Now comes the hard part: Getting consumers to buy them.

At Frankfurt's 2019 car show last week, Volkswagen AG chief executive Herbert Diess laid it on thick, calling on governments to give up coal-fired power as he unveiled the electric ID.3 car-for-the-masses. At the Mercedes-Benz stand, where the Daimler AG brand was showing the prototype of an electric S-Class sibling, real beech trees framed giant screens displaying schools of digital fish.

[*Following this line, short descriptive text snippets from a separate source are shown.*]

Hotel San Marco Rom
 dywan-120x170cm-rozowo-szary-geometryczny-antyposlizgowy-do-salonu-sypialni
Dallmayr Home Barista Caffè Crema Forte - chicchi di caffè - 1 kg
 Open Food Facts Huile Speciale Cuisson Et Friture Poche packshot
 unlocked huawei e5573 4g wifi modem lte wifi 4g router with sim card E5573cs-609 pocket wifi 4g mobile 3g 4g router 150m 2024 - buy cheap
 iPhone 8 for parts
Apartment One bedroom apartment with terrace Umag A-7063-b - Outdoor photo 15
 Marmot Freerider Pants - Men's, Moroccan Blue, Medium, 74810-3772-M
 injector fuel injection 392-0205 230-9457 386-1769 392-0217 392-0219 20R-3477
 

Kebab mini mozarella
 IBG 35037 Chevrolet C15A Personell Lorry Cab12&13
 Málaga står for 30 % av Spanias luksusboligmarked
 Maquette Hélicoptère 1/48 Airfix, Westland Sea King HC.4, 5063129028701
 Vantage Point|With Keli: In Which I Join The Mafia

The message to environmentally conscious consumers: We're with you. But a marketing blitz alone won't wash away the deep uncertainties facing electric cars -- obstacles little changed since carmakers' initial forays with models like the Nissan Leaf and BMW AG i3. Customers don't like paying up for new technology they're unsure about, and they're worried they won't reliably get to where they want to go.

"The next big thing is not going to be about the cars, because they will come," said Carlos Tavares, president of the European Automobile Manufacturers Association and CEO of Groupe PSA. "The next big thing is about affordable mobility. The next big thing is about how we make this work for the biggest number of people."

So far, electric cars have only proliferated in countries with significant sweeteners. Once they go, sales of battery models crater. Demand in China, the world's biggest electric-car market, fell 16% in August -- its second-straight decline -- after the government scaled back subsidies. Carmakers can reduce prices, but then only cut into profitability that in most cases has been nonexistent.

Consumers are similarly sensitive elsewhere. Demand in Denmark collapsed when the government phased out tax breaks in 2016.

"We've been talking about EVs for years, but this year the real production cars showed up," Max Warburton, an analyst at Sanford Bernstein, wrote in a note. "Should we be celebrating these cars, given the poor margins that most will have?"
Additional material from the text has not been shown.